In Mr H v Mr C & Others a significant judgment was recently issued in the High Court which considered whether a data subject of a Data Subject Access Request (DSAR) under the UK General Data Protection Regulations (UK GDPR) and Data Protection Act 2018 (DPA) was entitled to know the identity of recipients of their personal data. This decision will now be legally binding unless the decision is successfully appealed and is therefore relevant to employers who often deal with employee DSARs.
In this case, Mr H brought a claim against ACL (a landscape gardening business) and Mr C (Owner and Director of ACL) (the Defendants) after they refused to comply with his DSAR, in which he requested the identities of the recipients to whom his personal data was sent.
Mr H hired the Defendants to work on his property but later terminated their agreement, as he wasn’t satisfied with the services provided.
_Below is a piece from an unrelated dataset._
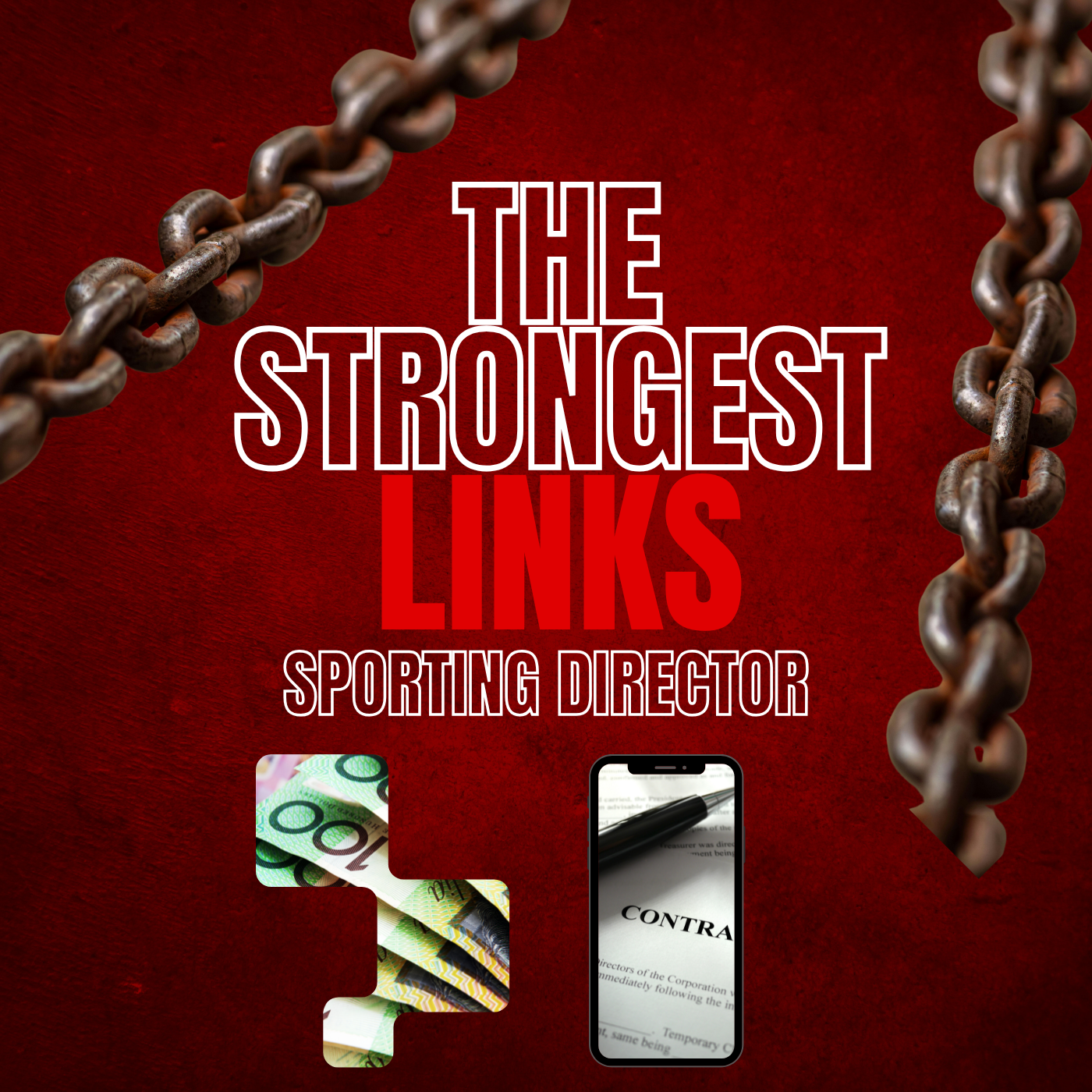 The Strongest Links | Transfer Show | Sporting Director episode artwork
The Defendants claimed that Mr H owed them payments for work already completed and, in response, Mr H threatened Mr C over the phone. Mr C covertly recorded these conversations, which he shared with some family members, friends and colleagues. These recordings subsequently made their way to some of Mr H’s peers and business competitors and, according to Mr H, allegedly affected his business. When Mr H found this out, he submitted a DSAR to the Defendants requesting, amongst other things, the identities of all the individuals to whom his personal data (including the recordings) were sent to. The Defendants refused to comply with the request on the basis that:
- The exemption under Article 2(2) of the UK GDPR applied as the Defendants processed the data in the course of purely “personal or household activity”;
- Mr Cameron was not a data controller in his personal capacity; and
- In any event, the Defendants could rely on the ‘rights of others’ exemption under paragraph 16 of Schedule 2 to the DPA as they did not have the recipients’ consent and it would be unreasonable to disclose their information given the circumstances.
The High Court considered these three issues and found in relation to the first two that, as the recorded phone calls were business calls made by Mr C as a director of ACL, where he enquired about the termination of the contract, which the Defendants then collected and held and subsequently shared with employees of ACL, it was not processed on a purely personal basis.
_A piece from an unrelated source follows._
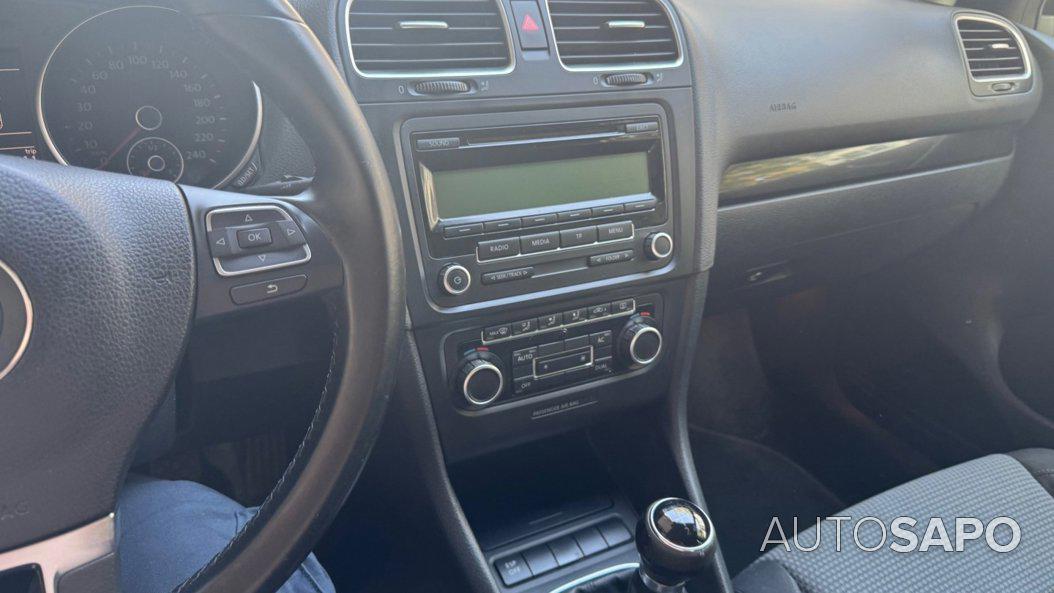 Volkswagen Golf de 2010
However, the Judge did find that Mr C was not a data controller in his personal capacity, as he was acting in his capacity as director.
Regarding the final issue, the Defendants’ believed that disclosing the identities of the recipients would put them at significant risk of intimidation and harassment from Mr H, and the recipients did not consent to their personal information being shared. The Judge agreed with this and concluded that it would not be reasonable to disclose the recipients’ names and on the facts of this case, the ‘rights of others’ exemption applied. However, although the Defendants were entitled to withhold this information in these circumstances, the Judge emphasised that, if a data subject requests the identifies of the recipients and not the category of recipients, they were, in principle, entitled to this information, unless an exemption can be relied upon.